VIJAY GANESH RESEARCH STATEMENT
The primary focus of my research is the theory and practice of mathematical logic reasoning algorithms (e.g., SAT/SMT solvers or provers) aimed at software engineering, security, and mathematics. In this context, I currently lead the following projects: MapleSAT solver, complexity-theoretic understanding of solvers, theory and practice of string solvers, MathCheck SAT+CAS system for combinatorial mathematics, Attack Resistance, SAT-based cryptanalysis, smart contract verification/testing, and testing/verification of physics software. To-date I have won over 25 honors, best-paper awards, and distinctions in my research career.
From 2005 to 2012, I led the STP project, a solver for a theory of bit-vectors and arrays, that played an important role in the development of dynamic symbolic execution or concolic testing.
Motivation
Mathematical logic reasoning engines
(aka solvers or provers) are algorithms that take as input mathematical
formulas and decide whether they have solutions (dually, decide
validity). Over last several decades, these algorithms have had deep
impacts in many areas of software engineering, security, physics, and
mathematics.
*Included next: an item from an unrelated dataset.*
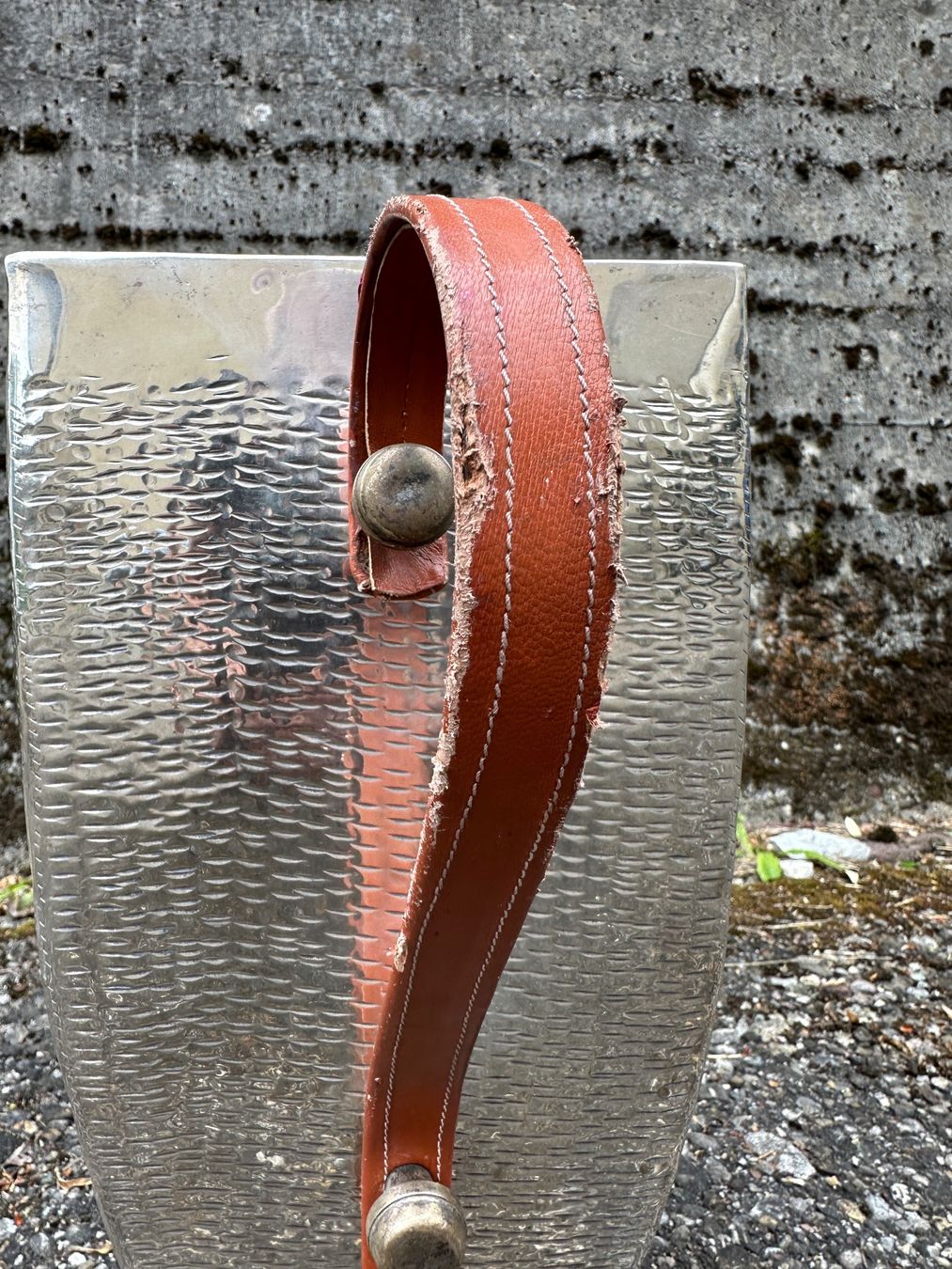 Altri mobili per ufficio: versilberter Vintage Schirmständer – Usato da Zürich venduto da frauflufelberg 6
For example, SAT/SMT solvers (e.g., MiniSAT, Z3, and STP)
have enabled many formal verification, testing, program analysis, and
synthesis techniques; proof assistants (e.g., HOL and Coq) are
increasingly being used to verify the correctness of mission-critical
software; and computer algebra systems (e.g., Maple and Mathematica)
have long been used by physicists and engineers to symbolically reason
about mathematical models. Additionally, many of these tools (esp.
proof assistants) are now being used by mathematicians to construct
proofs for long-standing open conjectures (e.g., the Kepler conjecture).
While the dramatic impact of these tools is reason enough to continue research on this topic, I am driven by the sheer intellectual challenge of pushing the limits of "automation of mathematics" in the spirit of Leibniz and Hilbert. Despite the impossibility of this task for mathematics in general -- shown by Godel and Turing -- the work of many mathematicians and computer scientists has led to significant progress in automation of many fragments of mathematics since the 1950's. I am in pursuit of the day when solvers and provers will be a crucial part of mathematical practice, just as they already are in engineering and software development.
While the dramatic impact of these tools is reason enough to continue research on this topic, I am driven by the sheer intellectual challenge of pushing the limits of "automation of mathematics" in the spirit of Leibniz and Hilbert. Despite the impossibility of this task for mathematics in general -- shown by Godel and Turing -- the work of many mathematicians and computer scientists has led to significant progress in automation of many fragments of mathematics since the 1950's. I am in pursuit of the day when solvers and provers will be a crucial part of mathematical practice, just as they already are in engineering and software development.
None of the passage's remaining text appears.